Tuesday, June 28, 2016

A pair is two, or is it? ~ TWOsday

Forever, Erma: Best-Loved Writing From America's Favorite Humorist ~ by Erma Bombeck, 1996, humor, 8/10
Erma Bombeck was an American humorist who achieved great popularity for her newspaper column that described suburban home life from the mid-1960s until the late 1990s.  She published 15 books and wrote over 4,00 newspaper columns, some of which are collected in this volume.
Let's blame this post on Erma Bombeck, shall we?  I've been reading Forever, Erma, and I guess her quirky way of thinking rubbed off on me.  On Saturday night, I was 86% of the way through my Kindle edition, which (it tells me) is page 236 of 274 pages.  When I put down my Kindle and turned out the light, my mind took up this word puzzle:
Why do we say "a pair of pants" when it's a single item?  The words "pants" and "jeans" both end with -s, which is how we usually make words plural in English.  And we say, "I bought a pair of jeans."  Why?

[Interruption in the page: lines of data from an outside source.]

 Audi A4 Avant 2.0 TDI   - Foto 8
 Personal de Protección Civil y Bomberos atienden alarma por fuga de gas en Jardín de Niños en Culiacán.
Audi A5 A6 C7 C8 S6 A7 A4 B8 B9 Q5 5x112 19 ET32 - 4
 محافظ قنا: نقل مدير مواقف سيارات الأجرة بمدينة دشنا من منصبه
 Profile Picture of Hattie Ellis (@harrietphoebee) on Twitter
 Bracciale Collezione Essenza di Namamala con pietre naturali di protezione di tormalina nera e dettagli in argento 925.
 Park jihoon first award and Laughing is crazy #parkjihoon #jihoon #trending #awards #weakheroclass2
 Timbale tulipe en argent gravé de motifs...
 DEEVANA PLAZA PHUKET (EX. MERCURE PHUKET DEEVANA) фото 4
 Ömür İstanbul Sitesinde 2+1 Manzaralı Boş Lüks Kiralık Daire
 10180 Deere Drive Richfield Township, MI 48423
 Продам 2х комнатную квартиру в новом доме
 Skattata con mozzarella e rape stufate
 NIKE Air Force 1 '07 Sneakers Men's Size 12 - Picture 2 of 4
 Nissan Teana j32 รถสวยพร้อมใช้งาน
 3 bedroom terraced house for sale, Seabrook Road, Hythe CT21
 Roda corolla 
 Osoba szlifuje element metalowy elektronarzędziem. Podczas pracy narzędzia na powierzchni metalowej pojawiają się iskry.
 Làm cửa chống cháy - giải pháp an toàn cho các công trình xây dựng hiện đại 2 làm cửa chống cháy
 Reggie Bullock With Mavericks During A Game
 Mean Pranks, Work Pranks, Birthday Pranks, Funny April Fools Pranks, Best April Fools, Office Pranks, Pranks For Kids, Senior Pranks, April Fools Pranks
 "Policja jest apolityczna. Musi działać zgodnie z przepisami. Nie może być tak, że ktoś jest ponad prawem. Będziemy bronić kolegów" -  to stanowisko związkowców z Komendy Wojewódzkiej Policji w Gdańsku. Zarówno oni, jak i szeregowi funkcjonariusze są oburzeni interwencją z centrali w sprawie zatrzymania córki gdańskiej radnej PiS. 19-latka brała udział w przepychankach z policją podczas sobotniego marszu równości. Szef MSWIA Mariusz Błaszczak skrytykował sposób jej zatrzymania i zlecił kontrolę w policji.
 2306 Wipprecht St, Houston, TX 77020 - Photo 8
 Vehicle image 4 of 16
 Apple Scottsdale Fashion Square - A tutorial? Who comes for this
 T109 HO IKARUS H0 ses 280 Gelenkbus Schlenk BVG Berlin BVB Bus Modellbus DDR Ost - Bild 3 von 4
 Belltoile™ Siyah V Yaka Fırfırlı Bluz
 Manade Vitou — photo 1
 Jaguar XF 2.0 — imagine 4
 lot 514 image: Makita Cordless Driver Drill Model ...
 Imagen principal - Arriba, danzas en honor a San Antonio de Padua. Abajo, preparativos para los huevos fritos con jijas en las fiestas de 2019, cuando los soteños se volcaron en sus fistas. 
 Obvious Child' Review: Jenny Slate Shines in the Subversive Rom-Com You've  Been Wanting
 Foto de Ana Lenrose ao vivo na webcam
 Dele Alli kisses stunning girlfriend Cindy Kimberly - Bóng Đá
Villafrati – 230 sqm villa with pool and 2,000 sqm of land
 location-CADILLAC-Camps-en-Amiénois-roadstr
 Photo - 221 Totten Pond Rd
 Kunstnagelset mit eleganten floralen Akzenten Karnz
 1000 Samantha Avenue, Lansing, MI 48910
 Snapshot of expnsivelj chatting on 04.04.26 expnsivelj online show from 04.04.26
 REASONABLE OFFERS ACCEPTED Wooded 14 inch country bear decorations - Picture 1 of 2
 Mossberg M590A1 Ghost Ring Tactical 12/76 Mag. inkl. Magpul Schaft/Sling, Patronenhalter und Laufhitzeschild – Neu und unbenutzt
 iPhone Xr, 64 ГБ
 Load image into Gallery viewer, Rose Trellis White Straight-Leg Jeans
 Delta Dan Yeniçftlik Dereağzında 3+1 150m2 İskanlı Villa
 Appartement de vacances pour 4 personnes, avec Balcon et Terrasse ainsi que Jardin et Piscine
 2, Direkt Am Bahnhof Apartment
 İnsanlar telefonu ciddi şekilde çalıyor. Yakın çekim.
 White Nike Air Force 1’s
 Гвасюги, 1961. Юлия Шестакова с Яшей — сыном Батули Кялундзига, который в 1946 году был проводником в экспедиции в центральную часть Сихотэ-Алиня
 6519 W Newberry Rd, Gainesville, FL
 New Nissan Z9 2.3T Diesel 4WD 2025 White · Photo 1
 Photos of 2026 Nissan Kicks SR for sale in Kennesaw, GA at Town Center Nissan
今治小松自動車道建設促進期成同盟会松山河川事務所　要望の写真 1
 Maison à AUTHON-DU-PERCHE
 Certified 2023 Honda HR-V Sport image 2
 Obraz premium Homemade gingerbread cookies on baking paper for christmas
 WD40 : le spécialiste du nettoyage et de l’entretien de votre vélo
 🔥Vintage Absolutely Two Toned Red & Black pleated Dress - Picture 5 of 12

The next day, I looked online for "pair of," which is how I solve word problems these days.  That "pair of" words could be defined as "Single items referred to as pairs."  The example given was a pair of pants."  Uh-huh, I got that already.  Then I found a long list that included lots of examples, such as:
  • a pair of scissors
  • a pair of glasses
  • a pair of pliers
  • a pair of clippers
On the other hand, two separate items that commonly come together are also called a pair:
  • a pair of shoes
  • a pair of socks
  • a pair of gloves
  • a pair of cuff links
  • a pair of earrings
  • a pair of skates
  • a pair of crutches
  • a pair of chopsticks
Then we also have the confusion of being able to count pairs of things:  six pairs of scissors, three pairs of shoes, two pairs of earrings.  But I still don't know why this is the way we talk.  I decided to share the pair of pears above because they fit at least one of dictionary.com's definitions of "pair":
  1. two identical, similar, or corresponding things that are matched for use together:
    a pair of gloves; a pair of earrings.
  2. something consisting of or regarded as having two parts or pieces joined together:
    a pair of scissors; a pair of slacks.
  3. two individuals who are similar or in some way associated:
    a pair of liars; a pair of seal pups.
  4. a married, engaged, or dating couple.
The pair of pears are (is?) a twosome, a couple.  I went back to my online search and found this informative answer to the question Why is the word "pants" plural?  Here's a snippet:
"Before the days of modern tailoring, such garments, whether underwear or outerwear, were indeed made in two parts, one for each leg.  The pieces were put on each leg separately and then wrapped and tied or belted at the waist (just like cowboys’ chaps).  The plural usage persisted out of habit even after the garments had become physically one piece.  However, a shirt was a single piece of cloth, so it was always singular."